Azure-cli: az commands can trigger 429 / "too many requests" failures and provides no recourse for recovery.

Created on 17 Jan 2020 · 16Comments · Source: Azure/azure-cli

Describe the bug

Running az commands can generate 429 "too many requests" exceptions from Azure (possibly related to az aks? or possibly all commands -- I've definitely seen this at random from Azure before). It seems this happens with long running commands after they have already executed and az is polling for a result from Azure.

Ideally, when this happens, az should just exponentially backoff (i.e. increase the timeout and try again). (Sometimes in the 429 response, there is even a Retry-After header that tells you exactly how long to wait!)

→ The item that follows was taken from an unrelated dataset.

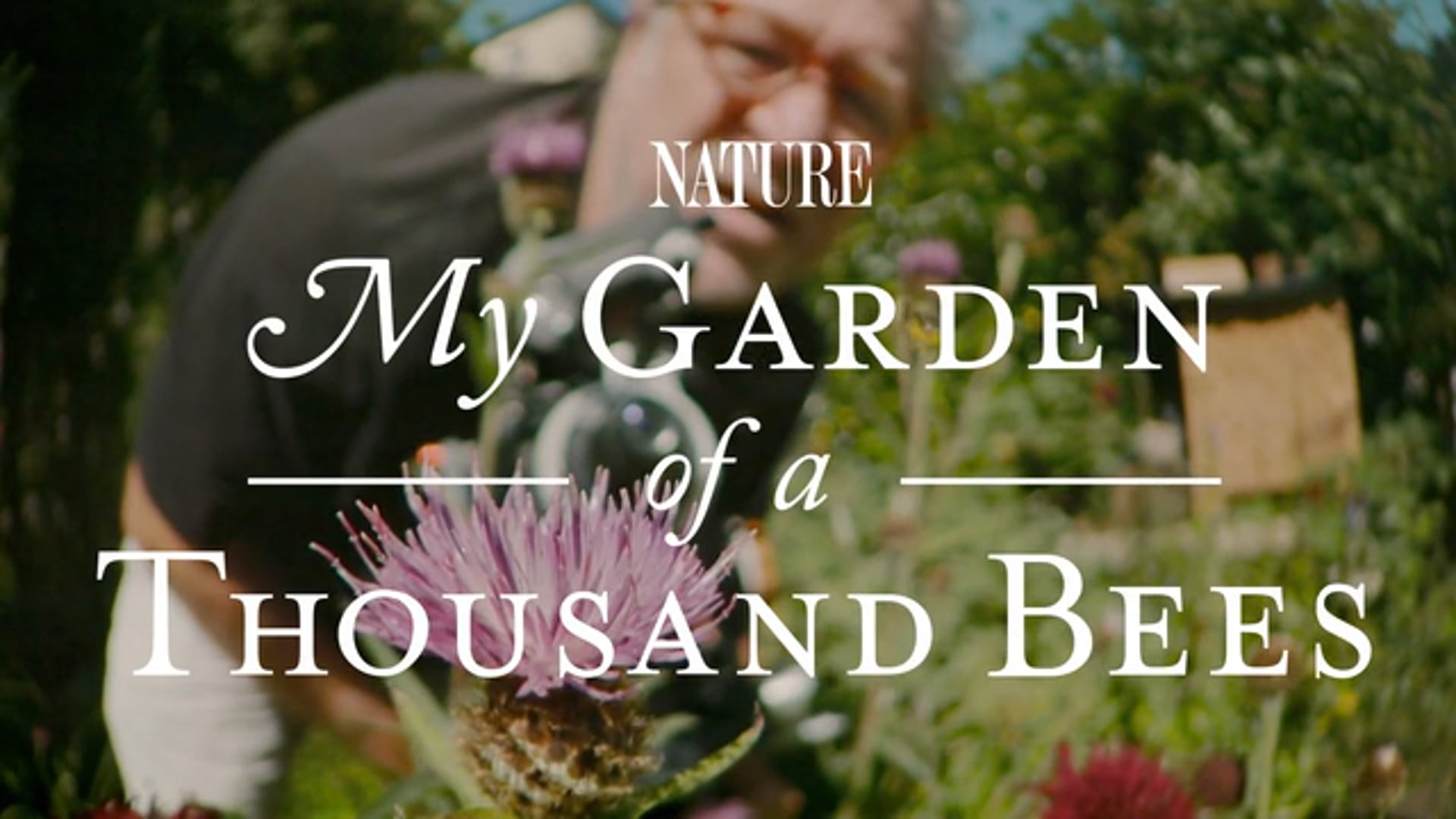 My Garden of a Thousand Bees  | 1 x 60min | PBS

IMO, the REAL issue is that, you get back a failure message, and the command aborts, with no results -- even if the command was successful (e.g. you can't even just try to rerun the command at that point). -- Basically, the command shouldn't throw a perma-error unless it has actually failed. If the command is still running and might possibly succeed but you just failed to poll for a result, you should do a backoff and retry.

Command Name
az aks nodepool add --resource-group MyResourceGroup --cluster-name MyClusterName --os-type Windows --node-vm-size "Standard_B2s" --name window --node-count 2 --kubernetes-version 1.13.12 --min-count 2 --max-count 6 --enable-cluster-autoscaler

Errors:

WARNING: The behavior of this command has been altered by the following extension: aks-preview
ERROR: Deployment failed. Correlation ID: de22582b-9a0c-462b-b15a-7fd3d85d07e2. VMSSAgentPoolReconciler retry failed: autorest/azure: Service returned an error. Status=429 
Code="OperationNotAllowed" Message="The server rejected the request because too many requests have been received for this subscription." Details=[{"code":"TooManyRequests","message":"{\"operationGroup\":\
"HighCostGetVMScaleSet30Min\",\"startTime\":\"2020-01-17T17:29:36.1768987+00:00\",\"endTime\":\"2020-01-17T17:44:36.1768987+00:00\",\"allowedRequestCount\":1329,\"measuredRequestCount\":1419}","target":"H
ighCostGetVMScaleSet30Min"}] InnerError={"internalErrorCode":"TooManyRequestsReceived"}

To Reproduce:

Steps to reproduce the behavior.

Run a long running command that continually polls azure for a result while your subscription is under heavy load (possibly from other such commands running in parallel?), until an http response with a status of 429 ("Too many requests") is returned by the Azure API that is being called.

Expected Behavior

Az.exe shouldn't fail when the initial command turns out to be successful -- because it leaves the user in an unrecoverable state (e.g. the initial command appears to have failed, there is no output results, and re-running the command also fails, because now the resource exists! -- so you not only don't handle the 429 yourself, but you prevent the user from handling it too!).
Specifically, calls to Azure made by Az.exe which return a 429 status should have transient fault handling baked in -- as specified by MSDN, best practices for cloud applications: All applications that communicate with remote services and resources must be sensitive to transient faults.

Environment Summary

Windows-10-10.0.18362-SP0
Python 3.6.6
Shell: cmd.exe

azure-cli 2.0.80

Extensions:
aks-preview 0.4.27
application-insights 0.1.1

Additional Context

AKS Core Service Attention customer-reported

Source

BrainSlugs83

Most helpful comment

FYI -- for anyone experiencing this issue: https://github.com/Azure/AKS/issues/1413

BrainSlugs83 on 28 Jan 2020

👍2

All 16 comments

Thanks for the feedback! We are routing this to the appropriate team for follow-up. cc @Azure/aks-pm

msftbot[bot] on 19 Jan 2020

👍1

Thanks for the feedback! We are routing this to the appropriate team for follow-up. cc @Azure/aks-pm

msftbot[bot] on 19 Jan 2020

Hey I wanted to bump this with some more information -- this is still occurring and my team and I suspect the az commands themselves are what's generating too much traffic; I suspect they are polling too often to try and get the result of the operation they performed.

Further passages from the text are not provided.